Bautista exacts revenge after Archer throws behind Blue Jays slugger

Russell Martin hit a go-ahead single during a three-run rally in the eighth inning and the Toronto Blue Jays posted back-to-back wins for the first time this season by beating the Tampa Bay Rays 3-1.

TORONTO — Stop us if you’re heard this one before. Jose Bautista has a ball thrown behind his back, near his head, or directly into his midsection. He shoots a long, icy stare out to the pitcher on the mound. And somehow, in some way, he exacts his revenge later on with his bat.

He did it against the New York Yankees’ Ivan Nova in 2010, Kansas City’s Luke Hochevar in 2011, Baltimore’s Jason Garcia in 2015, and multiple times against long-time nemesis and Orioles reliever Darren O’Day. Sunday, Bautista added Chris Archer to the list.

It all started in the first inning, when Archer’s first pitch to Bautista sailed behind the Blue Jays outfielder’s back at 96 m.p.h. Bautista stood still in the batter’s box and took a long, intense stare out at Archer, who walked off the mound towards Bautista, returning the glare.

Home plate umpire Jim Wolf came out from behind the plate to warn Archer, along with both dugouts. Neither Archer nor his manager, Kevin Cash, argued with Wolf about the warnings.

When Bautista flew out two pitches later, he took a route back to the dugout that passed directly beside Archer, and he appeared to offer some commentary to the Rays starter.

Bautista had his revenge later in the game, lining an Archer fastball into left field for a one-out single in the sixth and crushing an Alex Colome cutter to the wall in left-centre field in the eighth to plate a game-tying run. Bautista then scored the winning run three batters later on a Russell Martin single to right field.

"He’s got the flair for the dramatic. He’s had so many big hits around here. And I’ve also seen him have balls thrown at him, hit him, and thrown behind him. And he answers back with the big home run. We’ve seen that a couple times," Blue Jays manager John Gibbons said. "There’s certain players in this game who rise to the occasion when things get tough and he’s always been one of those. And that’s not easy to do.

"But, you know, around the league he’s kind of viewed as a villain. There’s no doubt. But I think that’s partly because he’s such a good player, he’s burned so many teams, he’s got that edge about him."

After the game, Bautista said he didn’t know if Archer was throwing at him on purpose, and said his words for Archer were rather banal.

"I just asked him if he was okay. He said he was good," Bautista recalled. "That’s it."

For his part, Archer told reporters after the game that the ball merely slipped out of his hand.

"I was just trying to go inside," he said. "The ball got away from me a little bit."

Of course, Archer has excellent command, and look at his pitch chart from Sunday’s outing shows a pitcher who was around the zone all afternoon, save for one ball that ended up behind the right-handed batter’s box.

Bautista was in no mood to discuss the incident after Sunday’s game, or even the MLB’s policing of rules both written and unwritten in general, offering terse, one-word responses to inquiring reporters in the Blue Jays clubhouse.

But Gibbons was willing to go further, suggesting Archer should be suspended like Boston Red Sox reliever Matt Barnes was after throwing behind Orioles star Manny Machado last week.
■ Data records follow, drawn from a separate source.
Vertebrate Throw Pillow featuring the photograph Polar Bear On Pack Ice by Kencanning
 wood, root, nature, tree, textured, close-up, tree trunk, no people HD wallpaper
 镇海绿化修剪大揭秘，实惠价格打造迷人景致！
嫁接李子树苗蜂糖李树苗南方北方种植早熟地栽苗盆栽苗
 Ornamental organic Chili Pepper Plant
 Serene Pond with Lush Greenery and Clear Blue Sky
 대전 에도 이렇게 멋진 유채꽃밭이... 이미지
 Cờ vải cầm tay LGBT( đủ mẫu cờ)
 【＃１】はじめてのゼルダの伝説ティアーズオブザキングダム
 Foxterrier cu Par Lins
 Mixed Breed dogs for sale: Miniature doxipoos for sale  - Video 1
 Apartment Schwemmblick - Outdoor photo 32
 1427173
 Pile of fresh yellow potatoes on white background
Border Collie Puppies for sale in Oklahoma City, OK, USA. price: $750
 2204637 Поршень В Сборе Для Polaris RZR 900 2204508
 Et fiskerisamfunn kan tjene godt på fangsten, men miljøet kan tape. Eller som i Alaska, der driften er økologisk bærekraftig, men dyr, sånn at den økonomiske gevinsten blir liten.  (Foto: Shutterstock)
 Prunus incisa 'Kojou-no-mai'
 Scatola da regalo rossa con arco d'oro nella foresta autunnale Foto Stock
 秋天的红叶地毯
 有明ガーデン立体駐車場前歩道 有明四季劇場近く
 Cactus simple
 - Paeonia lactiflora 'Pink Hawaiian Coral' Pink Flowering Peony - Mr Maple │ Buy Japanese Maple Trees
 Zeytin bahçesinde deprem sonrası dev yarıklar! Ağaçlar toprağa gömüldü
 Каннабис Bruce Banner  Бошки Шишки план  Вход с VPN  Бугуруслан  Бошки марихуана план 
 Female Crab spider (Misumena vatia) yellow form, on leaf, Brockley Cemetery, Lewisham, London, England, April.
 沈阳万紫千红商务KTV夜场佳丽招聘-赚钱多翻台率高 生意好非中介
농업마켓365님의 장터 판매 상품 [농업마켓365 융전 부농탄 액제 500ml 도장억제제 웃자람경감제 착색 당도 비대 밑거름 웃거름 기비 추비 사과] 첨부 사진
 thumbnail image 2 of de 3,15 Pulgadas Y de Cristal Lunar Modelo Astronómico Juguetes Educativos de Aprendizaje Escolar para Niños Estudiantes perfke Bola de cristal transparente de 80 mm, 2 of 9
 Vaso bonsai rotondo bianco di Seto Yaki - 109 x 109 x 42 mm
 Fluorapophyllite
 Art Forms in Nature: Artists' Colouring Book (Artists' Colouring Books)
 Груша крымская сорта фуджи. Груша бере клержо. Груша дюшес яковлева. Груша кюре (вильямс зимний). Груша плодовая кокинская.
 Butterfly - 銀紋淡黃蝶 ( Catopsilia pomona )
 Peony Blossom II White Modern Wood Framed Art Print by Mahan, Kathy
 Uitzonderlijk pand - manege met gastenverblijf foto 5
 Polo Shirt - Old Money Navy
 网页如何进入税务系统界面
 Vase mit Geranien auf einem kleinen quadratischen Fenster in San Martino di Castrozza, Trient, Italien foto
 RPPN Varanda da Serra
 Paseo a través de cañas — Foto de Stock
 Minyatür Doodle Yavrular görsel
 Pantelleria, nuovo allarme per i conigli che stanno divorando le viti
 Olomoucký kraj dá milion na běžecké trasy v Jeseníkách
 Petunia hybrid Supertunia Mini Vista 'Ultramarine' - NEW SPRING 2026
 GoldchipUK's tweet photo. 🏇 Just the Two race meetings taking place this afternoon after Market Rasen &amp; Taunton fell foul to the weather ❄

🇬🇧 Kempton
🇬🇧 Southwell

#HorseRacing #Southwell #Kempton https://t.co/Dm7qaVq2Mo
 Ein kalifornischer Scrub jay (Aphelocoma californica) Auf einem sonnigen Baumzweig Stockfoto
Barnes received a four-game ban and was fined an undisclosed amount after a pitch sailed past Machado’s head, apparently in retaliation for a Machado slide at second base that injured Red Sox infielder Dustin Pedroia.

"I would expect there’s got to be some kind of suspension, the way they’re handling things now," Gibbons said. "I saw the Machado thing the other day. The ball was thrown behind him. Now, if the umpire had not issued a warning, okay, maybe he didn’t think something was wrong. But since he issued a warning, maybe he was thinking, maybe something’s not right here. So, if the umpire thinks there was a reason, maybe he thought there was some intent.

"That’s why I would imagine the league would step up like they do most of the time. I’d be disappointed if they didn’t. You’ve got to maintain that continuity. That standard."

Archer and Bautista do not have any apparent history with one another, although the pitch could have been a retaliatory effort after Rays outfielder Steven Souza Jr. was hit on the hand by an errant Joe Biagini fastball in the seventh inning of Saturday’s game. Souza left the game but X-rays returned negative. He missed Sunday’s series finale with what the team was calling a bruise.

The Blue Jays do have a history with Souza over recent months. Last September, after Souza flew out to end a Blue Jays win, some miscommunication between Martin and Souza led to the benches clearing and plenty of heated discussion.

Blue Jays shortstop Troy Tulowitzki was right in the middle of it, barking aggressively with Souza. But after the game, both sides admitted it was all a misunderstanding and that Souza had misheard Martin after he flew out.

During a game earlier this month, Tulowitzki again took issue with Souza, this time over a late slide into second base as the Rays outfielder attempted to break up a double play. Both dugouts cleared, but cooler heads prevailed and Souza went on to hit a three-run homer later in the game.

"I don’t know if that had anything to do with Souza," Gibbons said of Bautista being hit. "With Souza, we had that little dust up down in Florida. There was nothing there. He’s had plenty of at-bats since then. He hit the big home run. If we were going to do something—I don’t even know why we would."